For one Edward, it was Tyler Case. For the other, it was Richard.

“I’m going to recollect all my information about Mazdak, prepare it and send it secure through Ms. VanDalen’s secure connection. It might take a while for me to do that without raising suspicion, but on the off chance our suspicions are valid…” He shakes his head. “I’d rather be safe than sorry, and have this information in the right hands.”

“Good call.” Richard draws in a slow breath, then pauses before glancing out the window, “Hm. I might have a… perfect candidate for that, if you don’t know one. He could even take any proverbial gun we want to hand him.”

“As always, I’m here to move whatever pieces you think we need to move. Be careful. If Raith suspects you’re on to him– and we’re right? Well, keep your local me close for protection, maybe.”

“Or far away.” Edward says with a hint of something darker settling in. “Thankfully there’s no Raith on this side, so… one can hope his influence is minimal at best.” Edward glances over to the passenger seat, seeing Nova now more than Richard.

“We need to get back to the office,” he says to her, resuming manual drive on the car. “Tell Richard goodbye for me.”

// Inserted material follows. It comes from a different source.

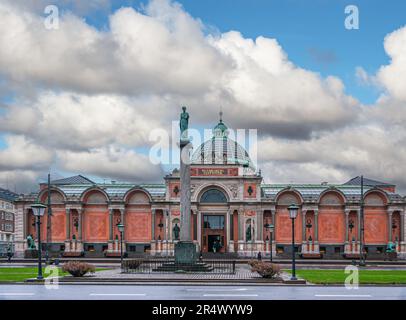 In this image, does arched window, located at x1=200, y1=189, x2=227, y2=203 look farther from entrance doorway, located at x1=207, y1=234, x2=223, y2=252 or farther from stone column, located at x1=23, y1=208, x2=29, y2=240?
stone column, located at x1=23, y1=208, x2=29, y2=240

This is the longest back-and-forth Nova has had to do, and the effort is showing. Her eyes look a little groggy as she nods, slipping one more time under to relay those last comments via the Nova back on the boat with Richard.


Yeah Bouy!
The Pelago

Flood Timeline


Thanks, Doc. Be safe.

You too.

On the Yeah, Buoy!, Nova watches Richard, her eyes wide – she isn’t as tired, having played host rather than traveler, but the act of being the intermediary was taxing, much like a translator having to pay close attention to a conversation and repeat it without error.

“Shit,” is all she has to say.

“Yeah,” Richard admits, a hand coming up to rub at his eyes, “Guess I’m back in the conspiracy business. Welcome to the game, Red King’s Bishop.”

Hand dropping down to his lap, he flashes a roguish-if-tired smile, “Let’s hope we can save the world again.”


Manhattan
New York City

Bright Timeline


Agent Van Dalen comes to again in the car, rubbing her eyes and stretching as if she’s been asleep for a long time. But at the same time as her other self in a flooded world, she says exactly the same thing:

Shit.” It’s her first real commentary on the conversation she’s just facilitated, eloquent as it is.